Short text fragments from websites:
────────────────

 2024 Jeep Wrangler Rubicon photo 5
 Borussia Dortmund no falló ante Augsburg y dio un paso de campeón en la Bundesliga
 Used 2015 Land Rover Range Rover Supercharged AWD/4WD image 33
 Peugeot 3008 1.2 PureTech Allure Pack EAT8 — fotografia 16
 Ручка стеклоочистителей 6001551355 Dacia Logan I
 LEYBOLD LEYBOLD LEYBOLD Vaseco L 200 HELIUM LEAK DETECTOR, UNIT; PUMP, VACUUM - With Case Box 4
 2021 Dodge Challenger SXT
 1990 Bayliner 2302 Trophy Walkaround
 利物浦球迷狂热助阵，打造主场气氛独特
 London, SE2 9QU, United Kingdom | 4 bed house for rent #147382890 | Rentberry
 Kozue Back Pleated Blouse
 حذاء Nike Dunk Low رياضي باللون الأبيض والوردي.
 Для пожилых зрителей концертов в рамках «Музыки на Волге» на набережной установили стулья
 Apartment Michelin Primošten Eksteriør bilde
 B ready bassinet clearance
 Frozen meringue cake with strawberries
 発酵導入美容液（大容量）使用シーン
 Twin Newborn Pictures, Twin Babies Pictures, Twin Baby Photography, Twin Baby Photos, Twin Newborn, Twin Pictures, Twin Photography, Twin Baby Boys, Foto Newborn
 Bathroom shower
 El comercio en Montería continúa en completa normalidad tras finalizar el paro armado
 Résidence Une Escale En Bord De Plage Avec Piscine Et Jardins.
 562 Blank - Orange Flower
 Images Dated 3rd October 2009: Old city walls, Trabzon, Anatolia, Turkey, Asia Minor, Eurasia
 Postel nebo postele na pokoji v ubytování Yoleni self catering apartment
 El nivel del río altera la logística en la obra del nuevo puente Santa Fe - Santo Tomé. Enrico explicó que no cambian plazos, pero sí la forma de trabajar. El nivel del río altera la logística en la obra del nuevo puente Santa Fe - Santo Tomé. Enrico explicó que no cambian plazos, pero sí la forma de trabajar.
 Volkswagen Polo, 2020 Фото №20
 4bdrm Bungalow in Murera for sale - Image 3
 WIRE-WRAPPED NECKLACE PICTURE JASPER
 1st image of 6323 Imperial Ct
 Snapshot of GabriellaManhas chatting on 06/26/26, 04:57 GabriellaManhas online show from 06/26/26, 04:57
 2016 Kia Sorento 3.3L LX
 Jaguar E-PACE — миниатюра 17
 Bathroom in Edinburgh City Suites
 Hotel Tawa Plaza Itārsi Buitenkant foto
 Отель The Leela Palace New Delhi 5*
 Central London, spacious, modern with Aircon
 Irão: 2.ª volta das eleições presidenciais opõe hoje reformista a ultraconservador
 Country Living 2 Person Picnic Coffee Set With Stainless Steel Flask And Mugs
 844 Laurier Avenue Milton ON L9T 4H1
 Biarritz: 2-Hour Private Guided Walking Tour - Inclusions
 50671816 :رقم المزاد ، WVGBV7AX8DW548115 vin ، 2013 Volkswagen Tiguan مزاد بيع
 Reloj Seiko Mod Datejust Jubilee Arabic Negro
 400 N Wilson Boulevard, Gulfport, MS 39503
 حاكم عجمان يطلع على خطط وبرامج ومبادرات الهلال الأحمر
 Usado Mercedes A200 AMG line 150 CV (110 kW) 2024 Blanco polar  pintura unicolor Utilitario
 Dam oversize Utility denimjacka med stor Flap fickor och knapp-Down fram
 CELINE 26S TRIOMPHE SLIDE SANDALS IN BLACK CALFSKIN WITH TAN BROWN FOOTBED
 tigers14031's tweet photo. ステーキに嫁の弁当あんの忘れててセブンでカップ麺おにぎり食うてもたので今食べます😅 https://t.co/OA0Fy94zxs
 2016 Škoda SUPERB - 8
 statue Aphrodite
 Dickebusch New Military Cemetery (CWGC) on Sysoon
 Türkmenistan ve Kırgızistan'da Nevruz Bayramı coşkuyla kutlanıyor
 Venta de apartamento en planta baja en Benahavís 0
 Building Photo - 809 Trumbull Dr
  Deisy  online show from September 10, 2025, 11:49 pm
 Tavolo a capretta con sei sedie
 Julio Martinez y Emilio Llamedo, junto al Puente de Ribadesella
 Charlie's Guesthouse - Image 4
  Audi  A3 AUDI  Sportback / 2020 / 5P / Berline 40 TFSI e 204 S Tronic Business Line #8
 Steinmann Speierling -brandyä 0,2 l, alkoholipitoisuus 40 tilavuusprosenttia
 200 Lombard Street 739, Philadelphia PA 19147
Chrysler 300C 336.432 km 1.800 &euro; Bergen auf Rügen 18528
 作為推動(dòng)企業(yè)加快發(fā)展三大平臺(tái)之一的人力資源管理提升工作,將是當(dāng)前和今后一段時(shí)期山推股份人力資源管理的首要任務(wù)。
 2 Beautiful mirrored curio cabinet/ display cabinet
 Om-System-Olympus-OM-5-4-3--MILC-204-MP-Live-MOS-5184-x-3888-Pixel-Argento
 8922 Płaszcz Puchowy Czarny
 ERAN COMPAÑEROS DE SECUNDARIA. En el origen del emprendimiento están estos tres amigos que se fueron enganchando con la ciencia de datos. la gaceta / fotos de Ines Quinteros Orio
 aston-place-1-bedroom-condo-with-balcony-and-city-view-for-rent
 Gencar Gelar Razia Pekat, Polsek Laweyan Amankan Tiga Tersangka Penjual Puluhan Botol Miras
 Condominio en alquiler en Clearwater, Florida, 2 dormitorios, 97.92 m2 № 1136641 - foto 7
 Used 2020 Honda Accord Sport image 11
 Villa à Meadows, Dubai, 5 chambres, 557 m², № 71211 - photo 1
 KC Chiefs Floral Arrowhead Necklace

────────────────

Give back the opening line of the records above and every line after it, up to and including the one with "1st image of 6323 Imperial Ct", unchanged.

__ANSWER BOX__.
 2024 Jeep Wrangler Rubicon photo 5
 Borussia Dortmund no falló ante Augsburg y dio un paso de campeón en la Bundesliga
 Used 2015 Land Rover Range Rover Supercharged AWD/4WD image 33
 Peugeot 3008 1.2 PureTech Allure Pack EAT8 — fotografia 16
 Ручка стеклоочистителей 6001551355 Dacia Logan I
 LEYBOLD LEYBOLD LEYBOLD Vaseco L 200 HELIUM LEAK DETECTOR, UNIT; PUMP, VACUUM - With Case Box 4
 2021 Dodge Challenger SXT
 1990 Bayliner 2302 Trophy Walkaround
 利物浦球迷狂热助阵，打造主场气氛独特
 London, SE2 9QU, United Kingdom | 4 bed house for rent #147382890 | Rentberry
 Kozue Back Pleated Blouse
 حذاء Nike Dunk Low رياضي باللون الأبيض والوردي.
 Для пожилых зрителей концертов в рамках «Музыки на Волге» на набережной установили стулья
 Apartment Michelin Primošten Eksteriør bilde
 B ready bassinet clearance
 Frozen meringue cake with strawberries
 発酵導入美容液（大容量）使用シーン
 Twin Newborn Pictures, Twin Babies Pictures, Twin Baby Photography, Twin Baby Photos, Twin Newborn, Twin Pictures, Twin Photography, Twin Baby Boys, Foto Newborn
 Bathroom shower
 El comercio en Montería continúa en completa normalidad tras finalizar el paro armado
 Résidence Une Escale En Bord De Plage Avec Piscine Et Jardins.
 562 Blank - Orange Flower
 Images Dated 3rd October 2009: Old city walls, Trabzon, Anatolia, Turkey, Asia Minor, Eurasia
 Postel nebo postele na pokoji v ubytování Yoleni self catering apartment
 El nivel del río altera la logística en la obra del nuevo puente Santa Fe - Santo Tomé. Enrico explicó que no cambian plazos, pero sí la forma de trabajar. El nivel del río altera la logística en la obra del nuevo puente Santa Fe - Santo Tomé. Enrico explicó que no cambian plazos, pero sí la forma de trabajar.
 Volkswagen Polo, 2020 Фото №20
 4bdrm Bungalow in Murera for sale - Image 3
 WIRE-WRAPPED NECKLACE PICTURE JASPER
 1st image of 6323 Imperial Ct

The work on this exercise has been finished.